Cheney’s aides initially tried to blame Whittington for getting in the way while going to retrieve a shot quail, but in a subsequent interview on Fox News, the vice president took responsibility for what happened, saying, “I pulled the trigger.”
The incident launched a thousand late-night jokes directed at Cheney, and was featured in the 2018 film “Vice,” directed by Adam McKay and starring Christian Bale in heavy prosthetics as President George W. Bush’s all-powerful VP.
Around the time of the film’s release, Whittington, then age 91, sat down for an interview with Corpus Christi Caller to talk about his brush with death.

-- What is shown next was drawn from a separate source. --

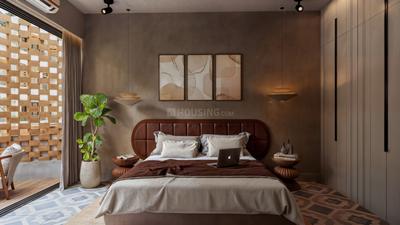Bedroom Image of 2470 Sq.ft 3 BHK Penthouse for sale in Calangute Goa for Rs. 61900000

He said the last thing he remembers before passing out was the smell of gun powder in the air.
Whittington said he and Cheney stayed in touch in the wake of the shooting and even went out to dinner together earlier that year, but he described the two of them as “just acquaintances.”
Whittington also told the paper that he still had some pellets embedded in his body, and that he had given up hunting due to his advanced age.
In his memoir titled “In My Time” published in 2011, Cheney said he was “deeply sorry” for what Whittington and his family had gone through.
“The day of the hunting accident was one of the saddest of my life,” the former vice president said.
Cheney, 82, has not publicly commented on Whittington’s passing as of Monday.